Issue (iv) and issue (v)

  1. In relation to issues (iv) and (v), it is the Claimant’s position is that if his challenge on his termination is granted by this court, he is entitled to any benefits accruing from his Agreement of Service as a Permanent Sectary. He will also be entitled to general damages for breach of contract. He says that the accrued entitlements are provided for under clause 25 of the agreement. He is also entitled to receive gratuity under clause 10 therein and general damages for breach of contract.

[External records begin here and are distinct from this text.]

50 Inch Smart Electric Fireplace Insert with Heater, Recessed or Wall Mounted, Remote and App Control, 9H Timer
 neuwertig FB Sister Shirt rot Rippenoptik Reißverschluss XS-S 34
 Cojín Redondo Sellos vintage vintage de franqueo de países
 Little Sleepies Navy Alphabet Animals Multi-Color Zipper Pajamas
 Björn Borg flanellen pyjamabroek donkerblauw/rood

  2. The Defendant’s position is similar to that of the Claimant. Both issues will depend on the court’s decision. In any event, it is the Defendant’s case, that the Claimant had received his termination entitlements pursuant to his termination. In that regard, if the court decides in the Claimant’s favour, the amount paid should be deducted from any claim of entitlements.

Discussion

  1. It is uncontested that the Claimant’s employment with SIG was terminated by the Defendant on the 22nd February 2022. The Claimant then was the Permanent Secretary to the Ministry of Culture and Tourism.

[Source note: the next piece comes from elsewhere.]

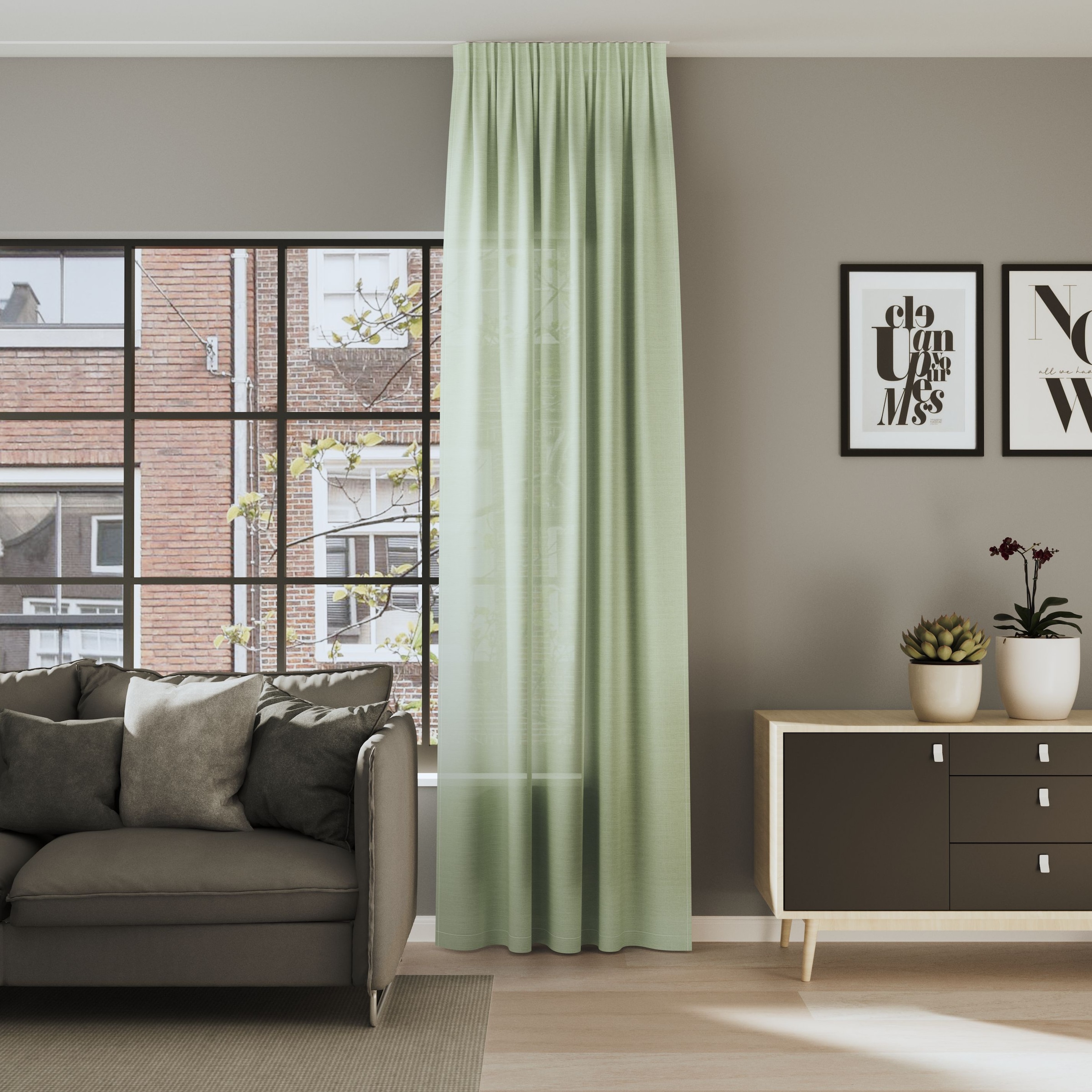 Vorhang NEUTEX FOR YOU, B:142cm H:245cmhellgrün, Jacquard, Polyester, Wohnzimmer, Gardinen, "ALLEY-ECO", Halbtransparentes Streifendesign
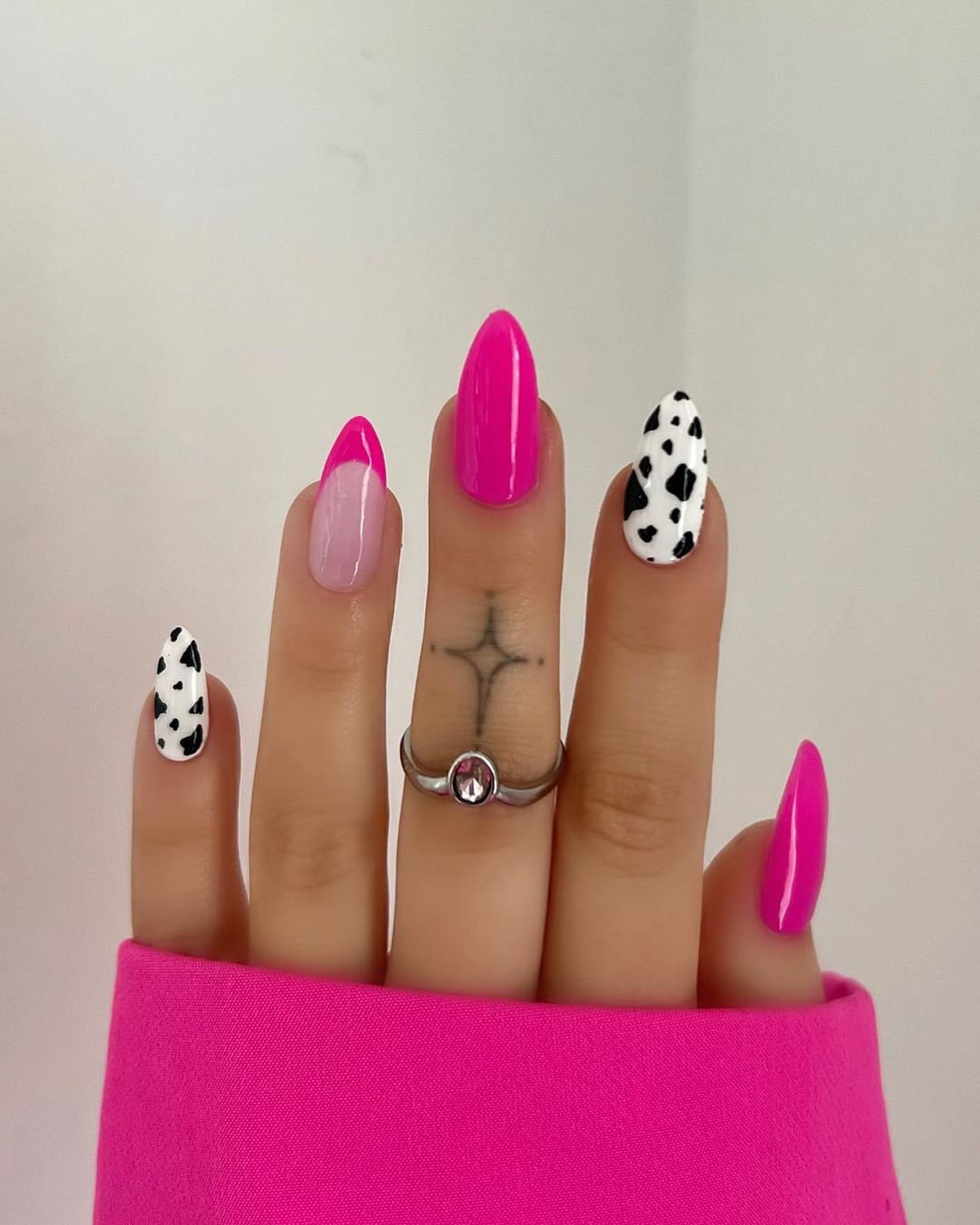 Hot Pink and Cow Print Almond Nails Hot Pink and Cow Print Almond Nails — Best Unique Nails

  2. It is also uncontested that on the 25th March 2020, a SOPE was declared by the Governor General. The declaration was made as a consequence of a confirmation by the Director General of the World Health Organisation that COVID-19 was a pandemic. When the SOPE declaration was pronounced, the provisions of the Emergency Powers Act (Cap11) (EPA) were invoked and activated. Pursuant to section 4, a number of regulations were enacted to put into effect and to deal with the subject matter raised in the declaration.
  3. It was through that provision that a number of regulations were enacted to deal with the situation at hand. It is noted at this juncture that the COVID-19 period was an unprecedented period of time in the country’s history.
  4. The regulation which is the issue in this proceeding is the Emergency Powers (COVID-19) (No. 2) Regulations 2021 (Regulations). Regulation 5 gives power to the Prime Minister to give directions to carry out operations for effecting the government’s COVID-19 preparedness and response plans. Regulation 40 provides that the Prime Minister may by order, require a person or class of persons to be vaccinated against COVID-19. Regulation 41 (2 (c) provides that during SOPE period, an employee can be terminated by his employer if he has not been vaccinated regardless of the terms under which the employee is employed.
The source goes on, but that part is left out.